*** RECORDS FOR THIS TASK ***

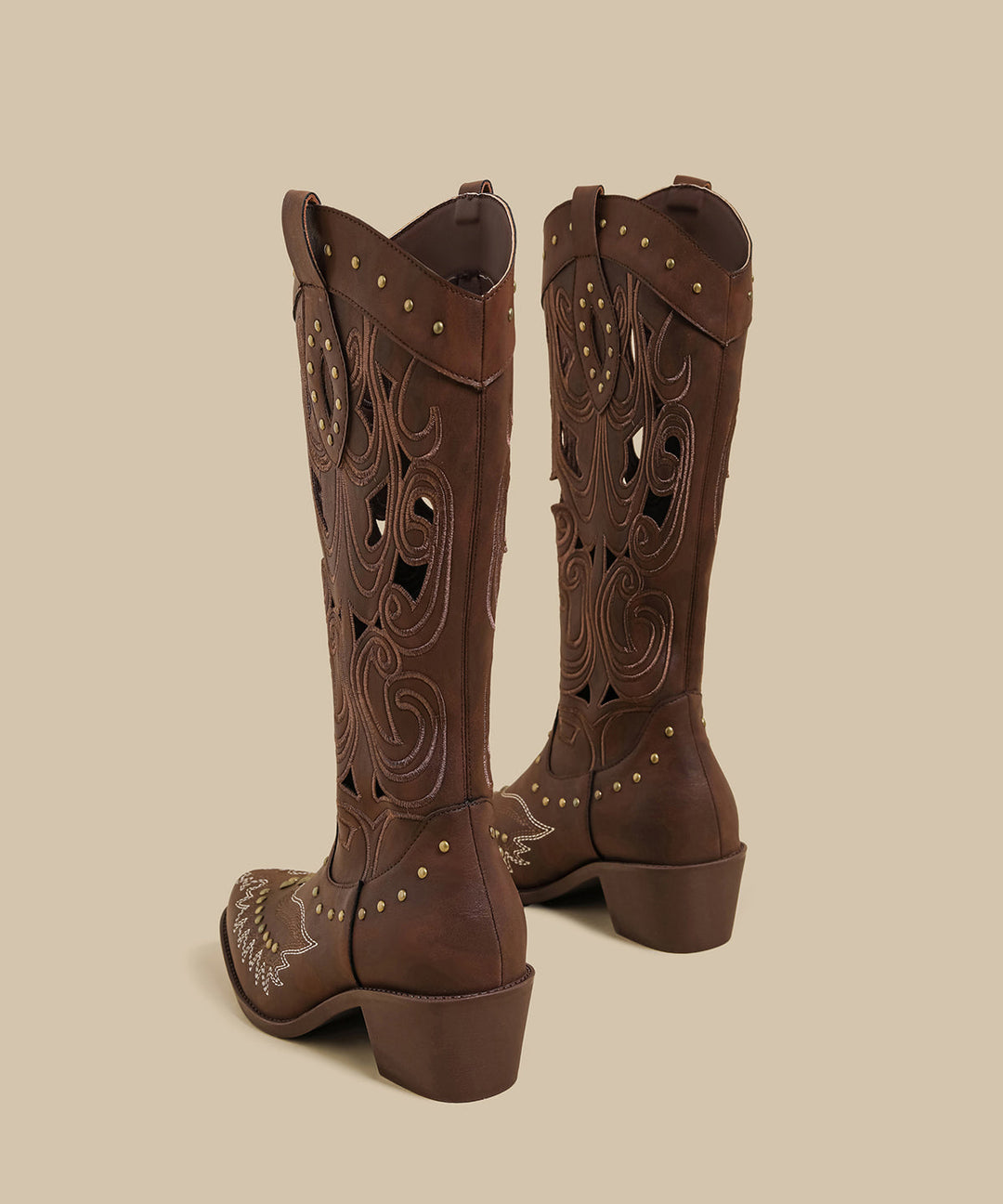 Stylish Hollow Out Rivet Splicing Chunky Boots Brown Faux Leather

*** End of RECORDS FOR THIS TASK ***
*** RECORDS FOR THIS TASK ***

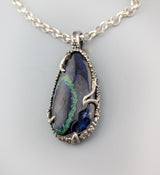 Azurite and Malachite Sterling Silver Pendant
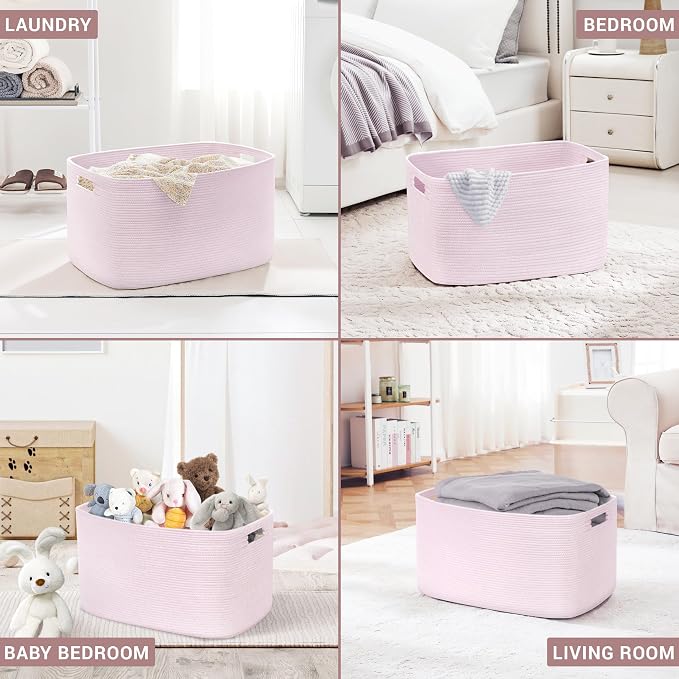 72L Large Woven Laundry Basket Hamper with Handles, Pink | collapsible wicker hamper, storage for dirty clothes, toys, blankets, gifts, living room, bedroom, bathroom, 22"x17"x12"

*** End of RECORDS FOR THIS TASK ***
*** RECORDS FOR THIS TASK ***

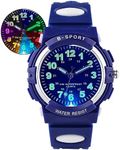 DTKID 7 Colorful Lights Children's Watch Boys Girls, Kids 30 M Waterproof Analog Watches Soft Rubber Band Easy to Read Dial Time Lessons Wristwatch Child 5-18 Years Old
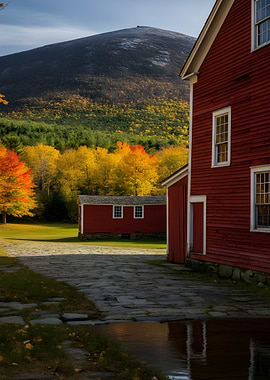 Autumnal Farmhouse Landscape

*** End of RECORDS FOR THIS TASK ***

[WHAT THE TASK REQUIRES]
Above are some records. Reproduce the lines from the one with "Azurite and Malachite" down to the one with "72L Large Woven", keeping both, and leave every picture out.

[TASK OUTPUT]
 Azurite and Malachite Sterling Silver Pendant
 72L Large Woven Laundry Basket Hamper with Handles, Pink | collapsible wicker hamper, storage for dirty clothes, toys, blankets, gifts, living room, bedroom, bathroom, 22"x17"x12"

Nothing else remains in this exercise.